A report from Greenpeace in April this year, meanwhile, found that if the internet was a country, it would rank in the top six energy consuming nations in the world.

Most (businesses) won't go there because they want to build their data centers closer to business hubs and centers
- Ian Bitterlin, British Computer Society

On top of this, Greenpeace say demand for electricity that powers internet usage is expected to increase by 60% or more by 2020.

"We don't really think that when we use our iPhone or Blackberry that somewhere there is a computer doing something," Graf said. "When I do a Google search, somewhere there is a computer processing that. And that computer needs electricity. It needs ventilation. It needs someone to look after it."

IT greenwash?

But not everyone is convinced that moving data centers to these icy climates is good for business -- or the environment.

Yevgeniy Sverdlik of specialist IT publication Data Center Knowledge recognizes the potential environmental and cost benefits but highlights numerous circumstances where storing company data far away from headquarters or operations wouldn't be practical or cost effective.

Big financial institutions require servers close to their core operations as they regularly perform trades where prices can change over a fraction of a second, Sverdlik said.

If a signal from a trading desk in London or New York had to travel all the way along a cable to Sweden to confirm a trade, vital milliseconds could be lost.

"For companies like Facebook or even Google that kind of latency difference (the time between a button being pressed and that action occurring) is negligible," Sverdlik said. The data still moves at an extremely rapid pace.

"(But) a financial services company may have a physical location requirement where they want servers to be close to trading engines" because of this.
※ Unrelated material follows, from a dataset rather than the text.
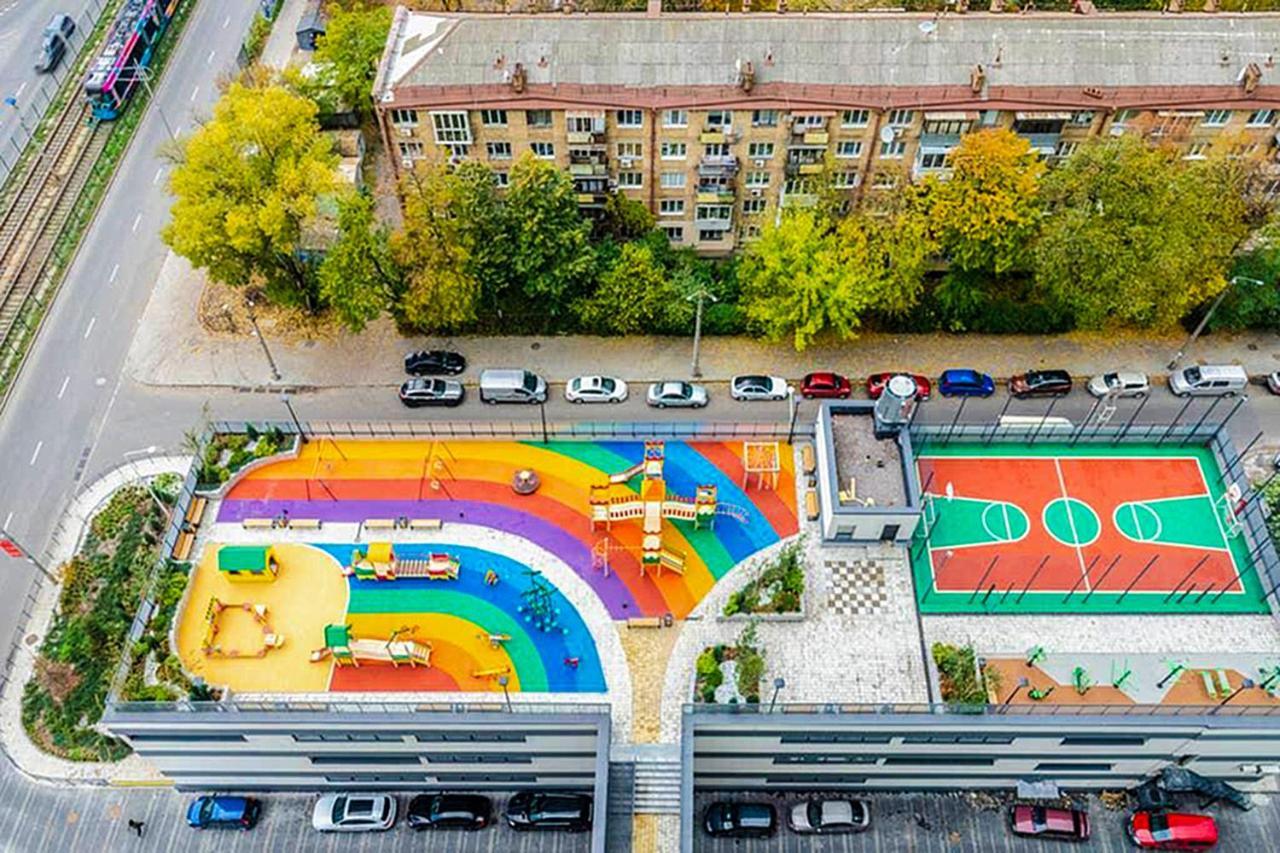 Victory-21 Luxury Apartment Center Kiev Exterior foto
A data center is constructed in Lulea, Sweden (Credit: Cascade Creative Media)
A data center is constructed in Lulea, Sweden (Credit: Cascade Creative Media)
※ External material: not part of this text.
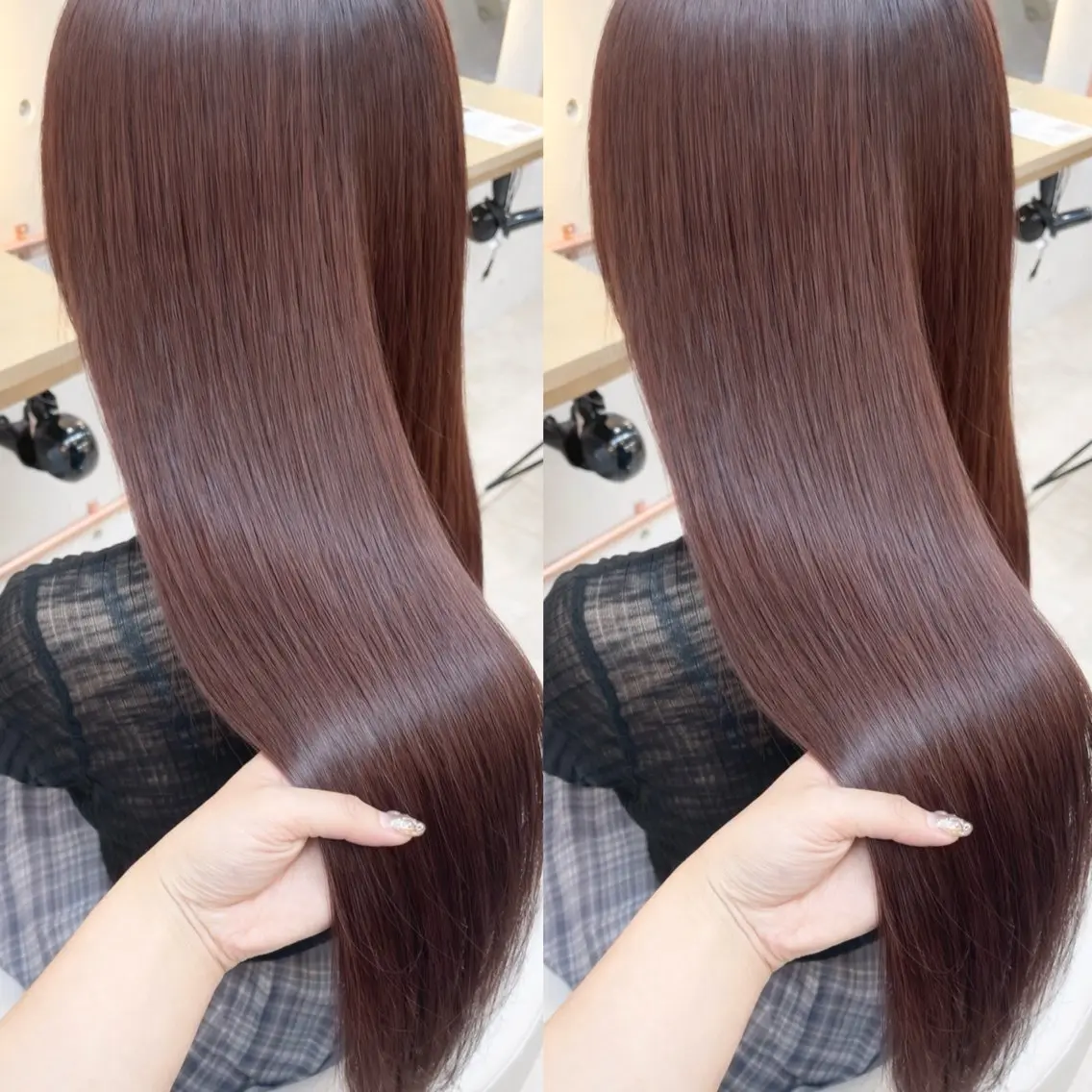 ロング カラー カット ヘアカラー トリートメント ハイトーン🎀 暖色系カラー🎀愛美のヘアスタイル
Then there are things like data protection laws that mean certain types of information like medical records or government data must be stored within particular jurisdictions.
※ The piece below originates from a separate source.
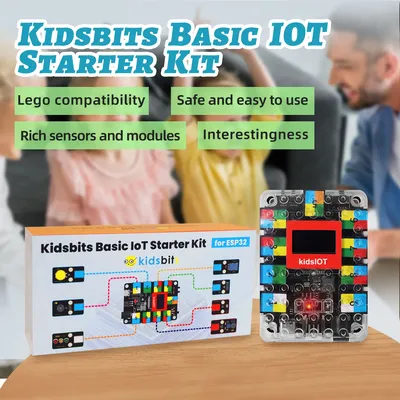 Kidsbits Basic IOT Starter Kit für Arduino ESP32 kompatibel Lego Support Graphical Programming Image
"In the post-Snowden world there is mistrust (from people) in having their data held outside of their country," Sverdlik added.

Read: 10 ways mobile tech will save your life

Professor Ian Bitterlin, chair of the Data Centre Specialist Group at the British Computer Society is even more cautious as to the benefits of storage units in these parts of the world.

He points out that while cooling can be cheap and use less electricity near the Arctic for now, new server technologies are becoming more efficient and less power intensive.

This could eventually mean it becomes equally cost effective to house data centers closer to business hubs and centers.

"They (locations in the likes of Sweden, Finland and Iceland) say they are attractive because they have a lot of spare power that they want to sell.

"They've lost industries like paper and aluminum and have an excess of power (and) data centers appear to be a very high revenue load.

"Some companies are attracted to the corporate social responsibility thing and want to get Greenpeace off their back."

"(But) most clients won't go there because they want to build their data centers where they want their data centers."